Son solo dos ejemplos, pero, entre otros que podíamos citar, ninguno se hizo tan célebre como El misterio de las catedrales, no solo por su contenido esotérico, que no fue lo principal de su fama, sino por su enigmático autor, que apareció con un seudónimo que desató las especulaciones: Fulcanelli.

Cuando Europa había olvidado, o parecía estar olvidando, las tragedias sucesivas de la Primera Guerra Mundial (1914-1918) –que por su horror, hasta entonces desconocido, recibió el apelativo de Gran Guerra–, así como la terrible epidemia que pasó a la Historia como la “gripe española” –traída por los soldados americanos que vinieron a combatir a Europa, portadores de contagios chinos, pero como la prensa de España, que no estaba en guerra, era la única que hablaba de ella, se le dio tal nombre–, que de manera subsiguiente se cebó sobre el Viejo Continente mientras se preparaba el desencadenamiento de otra catástrofe de proporciones incalculables, como sería la segunda conflagración mundial, precedida del crack de la bolsa neoyorkina en 1929 –una de las causas que estuvo en su origen–, y cuando en la parte oriental del territorio continental el gigante ruso había asentado la revolución comunista, en medio de una sociedad cambiante –que hacía gala de costumbres liberales, como la incorporación de la mujer al mundo laboral–, dada a la diversión y al carpe diem, así como abierta a todo tipo de tendencias y pensamientos –no olvidemos fenómenos rupturistas, unos de corte radical como el movimiento Dadá, otros basados en las novedosas teorías del psicoanálisis freudiano como el Surrealismo, centrado en el mundo de los sueños–, en aquella Europa, que vivía los que se llamarían “locos años veinte”, donde las más descabelladas teorías prendían como el fuego especialmente entre los círculos del esoterismo pseudocientífico, un autor desconocido, que firmaba con el seudónimo Fulcanelli, vino a desconcertar los ambientes culturales con una publicación que vio la luz en 1926 y que ya en su título anunciaba un enigma a descifrar: El misterio de las catedrales.

Solo eran trescientos ejemplares, lujosamente editados y encuadernados, con alucinante portada: un cuervo posado sobre una calavera frente a utensilios de laboratorio y una esfinge presidiendo la escena.

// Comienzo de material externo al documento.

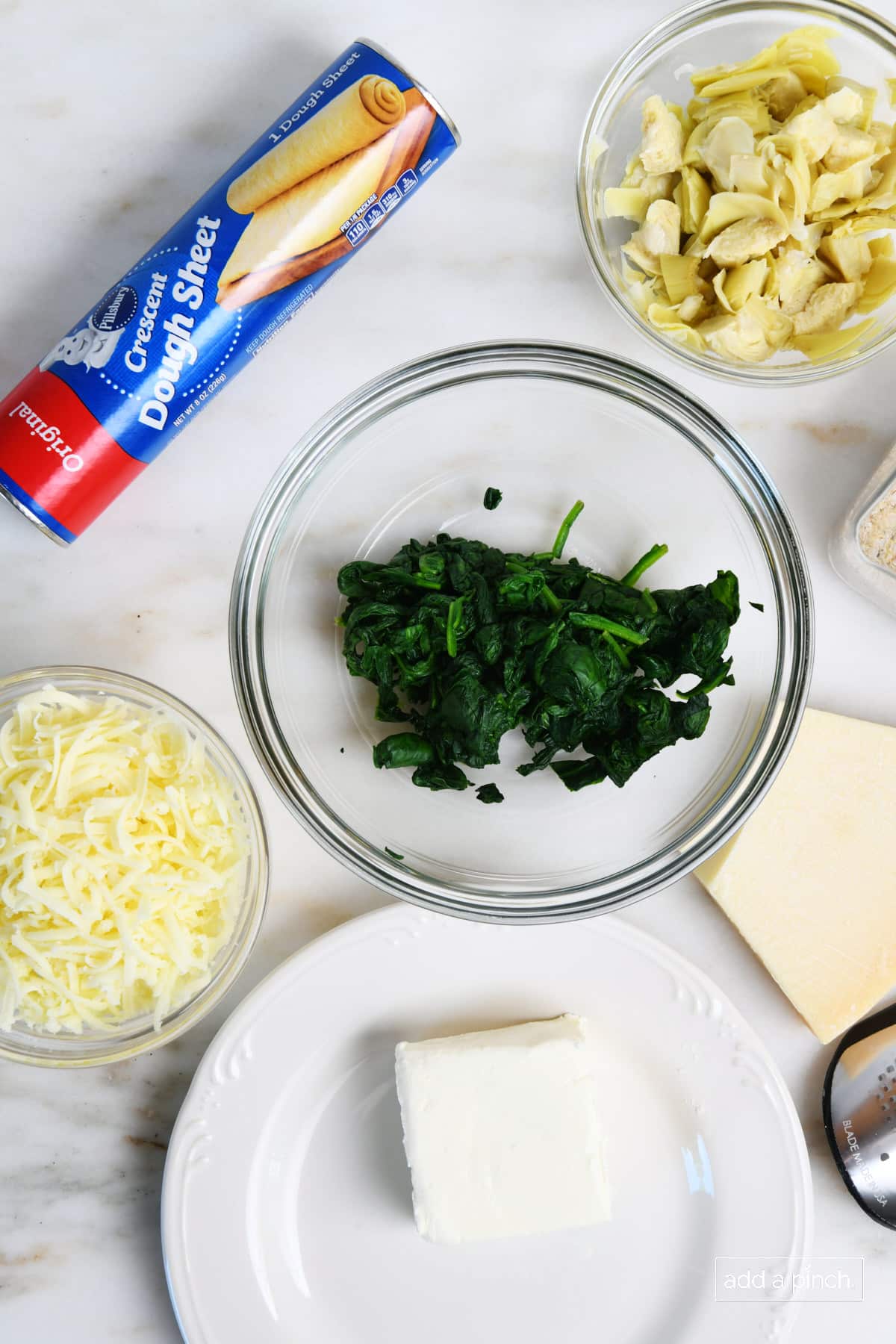 Spinach, artichokes, cheeses, a sheet of dough, and seasoning on a marble counter along with a cheese grater for making appetizers.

Contenían más de treinta ilustraciones –treinta y seis, en concreto– así como un prólogo o prefacio. Aquellas llevaban la firma de su autor, un pintor maduro que practicaba el ocultismo, de nombre Jean Champagne, y el texto introductorio era original de un joven veinteañero llamado Eugène Canseliet. Pero la identidad del autor de la obra era un enigma.

Como su título indica, el libro versa sobre los templos estrella del arte gótico –en especial, las grandes catedrales francesas, país donde nació el estilo, sobre todo, Chartres y París–, presentándolos como obra del esoterismo ocultista de acuerdo a los esquemas secretos instituidos por los maestros alquimistas.

En principio, el enigmático autor afirma que la planta de los magnos templos, en forma de cruz latina, obedece no solo a la simbología cristiana –la cruz donde murió el Redentor, siendo su cabeza el ábside, sus brazos el transepto o nave transversal del templo, su cuerpo la nave mayor y sus pies la entrada al edificio–, sino que está en relación con el crisol alquímico u hornillo de atanor, concomitante con el cuerpo humano porque en el interior de dicho aparato se producen transformaciones como las que experimenta el espíritu del hombre cuando penetra en una catedral:

… la cruz es el jeroglífico alquímico del crisol (creuset), al que se llamaba antiguamente [en francés] cruzoz, crucible y croiset… Efectivamente, es en el crisol donde la materia prima, como el propio Cristo, sufre su Pasión; es en el crisol donde muere para resucitar después, purificada, espiritualizada, transformada.

Según una tradición recogida por Fulcanelli, el sábado, día de Saturno, los maestros alquimistas medievales se reunían en cofradías ante las catedrales con la finalidad de continuar manteniendo celosos el secreto de su construcción, basada en los símbolos de un código alquímico que solo los iniciados sabían descifrar.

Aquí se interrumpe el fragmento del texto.